I was triggered to write this post because of an interesting article in De Tijd from some years ago which I recently stumbled upon again. Maarten Lambrechts investigated which members of the Flemish parliament are industrious and which are… less so.
To make this more concrete he looked at the number of initiatives and questions by parliamentarians in the Flemish Parliament. Based on this he was able to divide politicians in several categories according to their productivity. However I chose to approach the question of politician productivity from another angle. Instead of focusing on questions and initiatives I chose to focus on the commission attendances by MPs. On the one hand I chose to focus on attendances since it’s a very binary variable (you’re either there or you’re not), on the other hand I chose to limit myself to the commission meetings. A large chunk of parliamentary work is done in the commissions which mostly remains invisible to the public.

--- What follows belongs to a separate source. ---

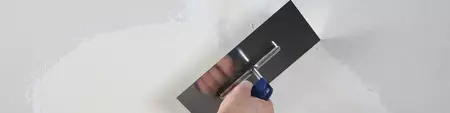 Spachtelprodukte Pulver & Pastös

Originally I started off thinking to replicate the analysis exactly as it was done in the article in De Tijd. I was pleased to see an accompanying article exists explaining the process of making the article. This way I learned the Flemish parliament has its own API in the spirit of open data. Unfortunately using this API turned out to be harder than expected.
Using the API was harder than expected because there’s no obvious way to connect a member of parliament with their work. There are several ways to make the connection but none of them was satisfactory. This part of the post focuses on the inner workings of the API of the Flemish parliament. Feel free to skip this section if you’re only interested in the results and not the process of making this post.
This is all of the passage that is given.